Finance Minister Moosa Zameer told the Parliament on Tuesday that global financial institutions such as the International Monetary Fund (IMF) and credit rating agencies are no longer issuing warnings about the risk of Maldives going bankrupt.
Zameer, who attended the parliamentary sitting on Tuesday morning, was questioned by South Feydhoo MP Ibrahim Didi regarding the country’s debt burden.
Zameer responded that the Maldives had a debt burden of MVR 124 billion when the incumbent administration took office in November last year. He said that half the debt was accumulated during the previous Maldivian Democratic Party (MDP) administration.
He said that Maldives could have gone bankrupt as warned as IMF had warned if the country had been forced settle its debt by the deadlines while ensuring the continuity of public services.
“But President [Dr. Mohamed Muizzu] has removed the Maldives from this scenario, boosted revenue streams, managed expenses, extended some of the debt repayment schedules, and has arranged everything by negotiating with bilateral partners,” he said.
Zameer said that IMF and credit rating agencies have stopped warning about the risk of Maldives doing bankrupt.
“Therefore, I would say that we are close to being saved from the scenario you mention. I don’t thing anyone is talking about it now. Lately, what the rating agencies have been saying is to cut costs. To cut costs. But talk regarding Maldives being on the path to bankruptcy or insolvency has stopped,” he said.
He credited this to President Muizzu’s “strong” policies.
Maldives’ high debt burden remains the most pressing concern facing the country.
Maldives has an external debt service obligation of about USD 600 million due in 2025, and more than USD 1 billion in 2026 – including a USD 500 million sukuk. Top rating agencies Moody’s and Fitch have both downgraded Maldives’ credit rating citing risk of default.
In its recent in its biannual update released in October, the World Bank said that despite Maldives’ economic growth, the increasing public debt and high fiscal spending, particularly for public sector investments and subsidies, remains worrying.
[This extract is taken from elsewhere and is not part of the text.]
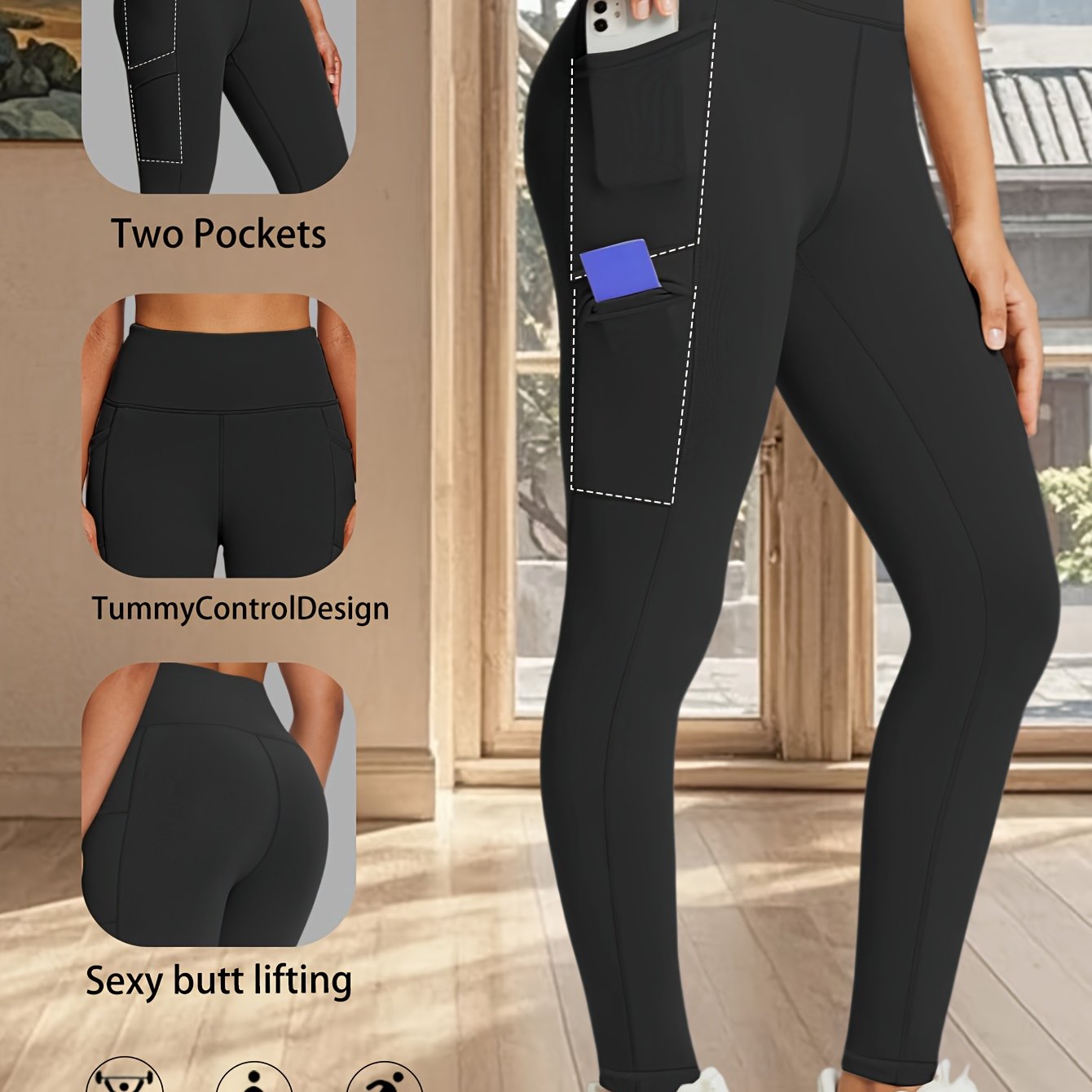 TEMU Women's Plus Size Fashion High-waisted Lifting Sports Yoga Pants With Invisible Side Pockets, Tummy Control Shaping Leggings For Sports And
According to the World Bank, the Maldives' total public and publicly guaranteed debt stood at USD 8.2 billion, or equivalent to 116 percent of GDP, in the first quarter of this year. The Finance Ministry estimates it will rise to 118 percent of the GDP at the end of the year.
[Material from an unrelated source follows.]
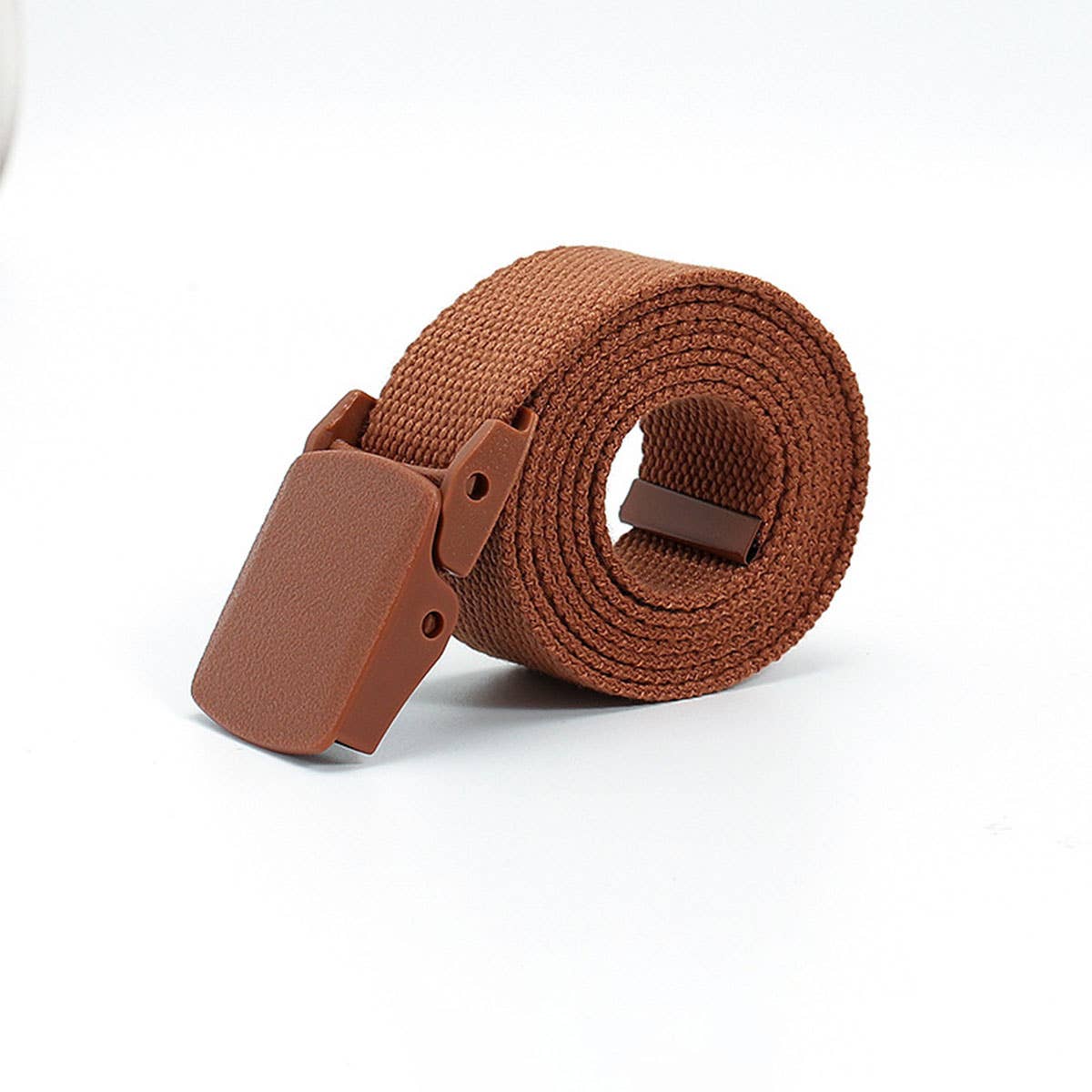 SOLID COLOR WOVEN CANVAS BELT WITH PLASTIC BUCKLE_CWABE0675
But despite the concerns, the Maldivian administration has provided assurance it will honor its debt obligations to creditors and investors. It has also implemented measures aimed at alleviating the situation, including reducing the number of political appointees, reforming the Aasandha public health insurance scheme and raising taxes.
The administration plans to roll out more fiscal reforms in 2025, including more Aasandha reforms, and reforms of subsidies, welfare schemes, and State-Owned Enterprises.